Lorsqu’on note les actions entreprises de différents acteurs du milieu agricole, l’effort collectif est notable. Des agriculteurs baissent le prix de vente de leur entreprise pour assurer une relève, parfois même on parle de dons et de cadeaux. Des organismes comme Banque de terres voient le jour et la location de terres se fait connaitre.

De plus, la relève de la région ne manque pas de dynamisme et d’ingéniosité. En effet, depuis quelques années, les petits fruits émergents comme le sureau et l’argousier font leur place dans le garde-manger du Québec. Sans parler des petites fermes et des jardins voués à de l’alimentation locale qui se rajoutent à l’offre agrotouristique.

Déjà bien établis en Montérégie, les gros joueurs comme les vignobles, les vergers et les fermes agrotouristiques hissent la région au sommet des endroits les plus visités par les touristes.  

De quoi faire vivre quelque temps l’industrie.

Malgré ces nouveaux joueurs dans le monde agricole, Raphaël Beauchemin estime que ce n’est pas suffisant. «Ce sont de belles initiatives, mais insuffisantes quand on parle de production».

Une question d’image

Selon l’Institut de la statistique du Québec, la Montérégie aura la plus forte augmentation en termes de population d’ici 2031. Or, le calcul est simple. Pour nourrir plus de bouches, il faut produire davantage.

Et le président de l’Association de la relève agricole de Saint-Hyacinthe croit que les Québécois ne sont pas prêts à accueillir des exploitations agricoles de masse et imiter, du coup, nos voisins du Sud.

«À petit prix»

Chanceux: c’est ainsi que se décrit Bruno Beauregard qui léguera au courant de l’année sa ferme laitière à sa fille.

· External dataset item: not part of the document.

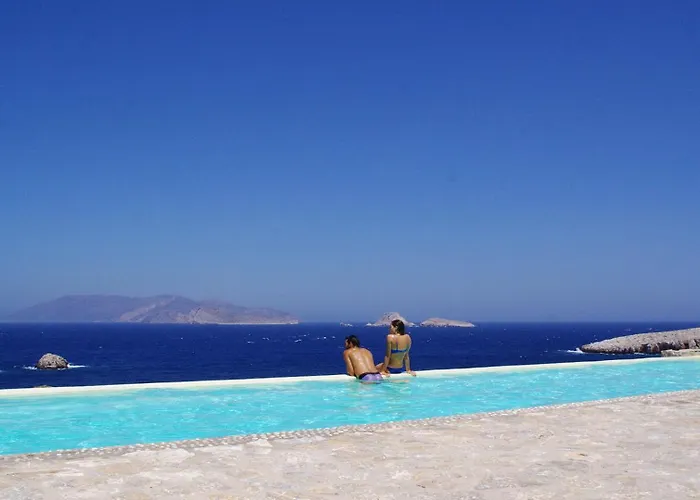 Folegandros Seafront Villa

«Ça fait 34 ans que je travaille sur la ferme, 365 jours par année, 24h sur 24h. L’heure de la retraite a sonné et je suis très chanceux, que ma fille Jessie prenne la relève. Ce n’est pas tout le monde qui a cette chance», confie M. Beauregard.   

C’est à petit prix qu’il remettra les clés de son domaine de plus de 400 acres. «Sinon elle n’aurait pas les moyens de l’acheter», précise le producteur. «On (les parents) n’a pas le choix, sinon on laisserait la relève sans le sou au prix que coûtent maintenant les entreprises agricoles.»

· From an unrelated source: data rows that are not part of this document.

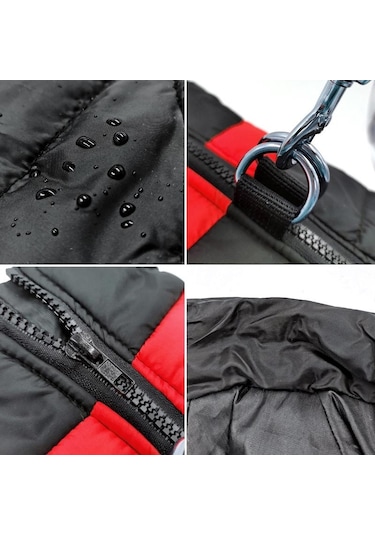 Büyük Köpek Giysileri Kış Sıcak Evcil Hayvan Yeleği Ceket Su Geçirmez Köpek Sonbahar Kış Ceket Giysileri Orta Büyük Palto 56624723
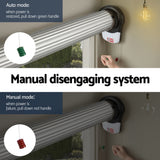 UL-tech Garage Roller Door Opener 800N Motor Auto Safety Reverse 220V - Extra Image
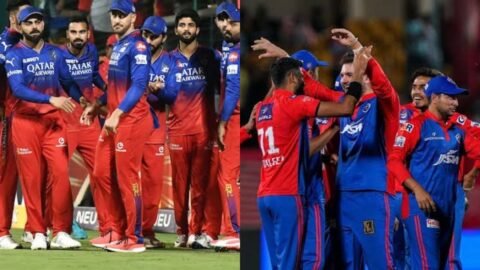 RCB vs DC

Les Beauregard savent que le métier d’agriculteur peut faire peur considérant l’implication que ça exige. «Mais c’est aussi ça le défi. De ne pas faire fuir la relève», dit Bruno Beauregard alors que, de son côté, Jessie remercie son père de lui avoir partagé sa passion.

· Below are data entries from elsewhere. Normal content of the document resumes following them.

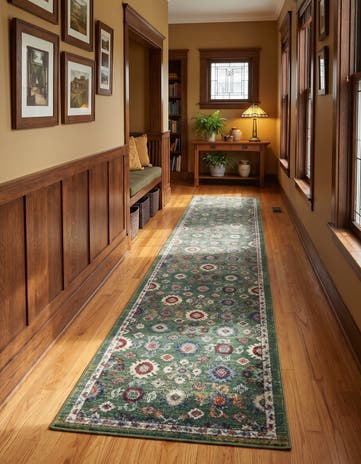 2' 7 x 13' Isabella Runner Rug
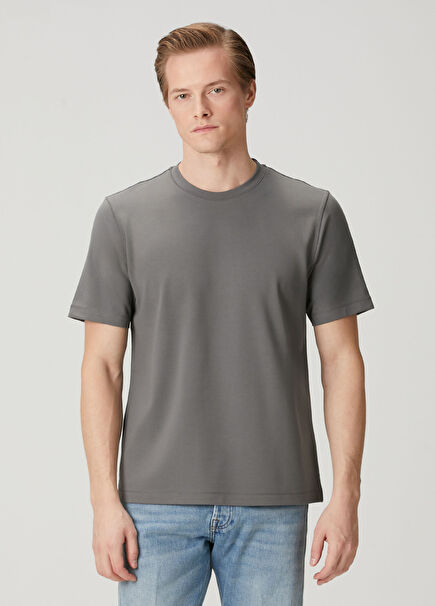 Ryder Grey Jersey T-Shirt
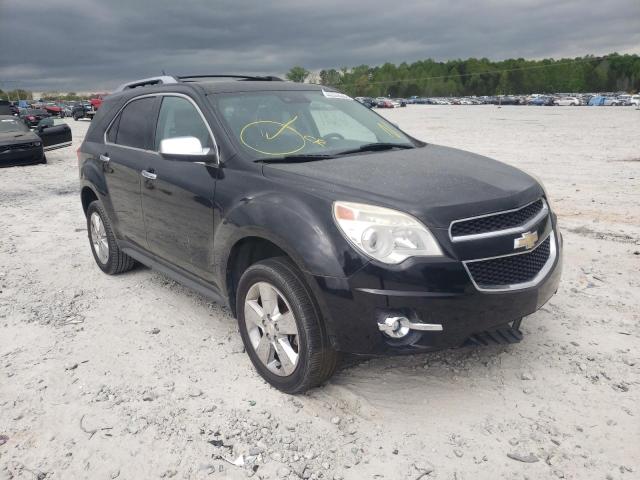 CHEVROLET EQUINOX LT 2013 with VIN 2GNALFEK2D6342966 - Photo from auction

«Il est toujours revenu fier et souriant de la ferme. Ça m’encourage.»

 Banque de terres en bref

À la rescousse

De son côté, la MRC de Brome-Missisquoi a réalisé un sondage en 2011 auprès des propriétaires de terres agricoles et elle a constaté un urgent besoin de relève. Ainsi, Banque de Terres a vu le jour afin de maintenir le dynamisme agricole de la région et faciliter l’accès aux fermes.

Mission de jumelage

Pour y arriver, l’organisme jumèle des agriculteurs en quête de relève et de futurs producteurs en quête d’entreprises agricoles. La coordonnatrice de Brome-Missisquoi, Leslie Carbonneau, constate une augmentation de relève non apparentée, soit une relève qui n’est pas assurée par un membre de la famille. Mouvement également observé par le président de l’Association de la relève agricole de Saint-Hyacinthe.

Qui sont les demandeurs?

Chez Banque de terres, quatre profils de demandeurs reviennent affirme Leslie Carbonneau. «D’abord, il y a notre clientèle cible, soit la relève apparentée et la relève non apparentée. Ensuite, il y a des projets de 2e carrière, des entreprises en démarrage qui souhaitent augmenter leur production, ainsi que des immigrants qui pratiquaient l’agriculture dans leur pays d’origine.»

Réalisations

Depuis le début du premier mandat en 2013, huit jumelages ont été conclus et Leslie Carbonneau assure que d’autres sont en négociation.